I am a strong woman. And sometimes that means I am a victim of my own success; it can mean that others do not see how much we may want to be looked after for a change, or be given permission to relax, or take the weight off our shoulders every now and again. It is a little exhausting being so staunch. And it means people in our lives sometimes have to put in a little effort. Use a different set of skills. Have patience. To find our softness.
I look at my close female friends, and wonder at their strength. They are a beautiful mix of energy and wisdom and inner-resource. Business Women of the Year, each one. Mothers, and partners, and community leaders. Over-achievers, financially solvent, and accessing great opportunities. And I am in awe of them. They are my heroines now. They are the ones that stand tall and strong, even as the avalanche of life’s rubble falls down around their ears. The inevitable tumbling rain of heartache and hardship. They are my examplars. And they have helped me realise it is ok to be a woman of substance. Of intelligence and independence.
But I also see them in their quiet, lost, moments. When their eyes tell me what they cannot say; that they need help, or love, or a silent person in the background giving support, asking nothing in return. They don’t need someone to fix or assemble… just someone to carry a little of the load for a few paces. They will not ask for it. They simply trudge through the rocky parts. And you know what else they all have in common? These women from different countries, and backgrounds, and education? They each put on their happy face to the outside world, whether they are feeling it or not. They don’t make excuses, they are self-aware enough to know that’s what it takes. But none of them will let you see them break.

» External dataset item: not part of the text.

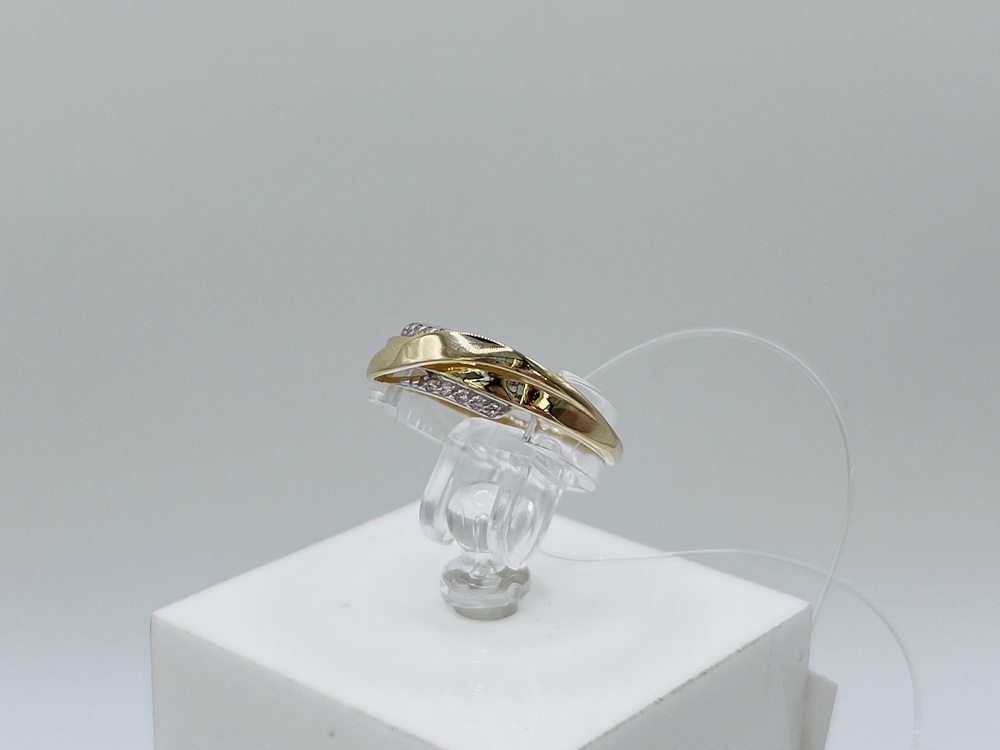 КОЛЬЦО С КАМНЯМИ (Au 585)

So while I love my girls dearly, I am learning from them too. I am learning to ask for help. To let people in. To take a risk on a man’s word. To trust that if I let myself bend a little to make room for those I respect and am attracted to, then maybe, just maybe… one of them will see through the bluster and tough exterior and reach out a hand to steady me on my way. To accept my past, to embrace my passion, laugh at my outspoken, rambly nonsense. Give me some rein. Understand that humour is my coping strategy. But he is going to have to be strong too. Because I will never be the pretty, feminine, unquestioning, woman that boys’ dreams are made of.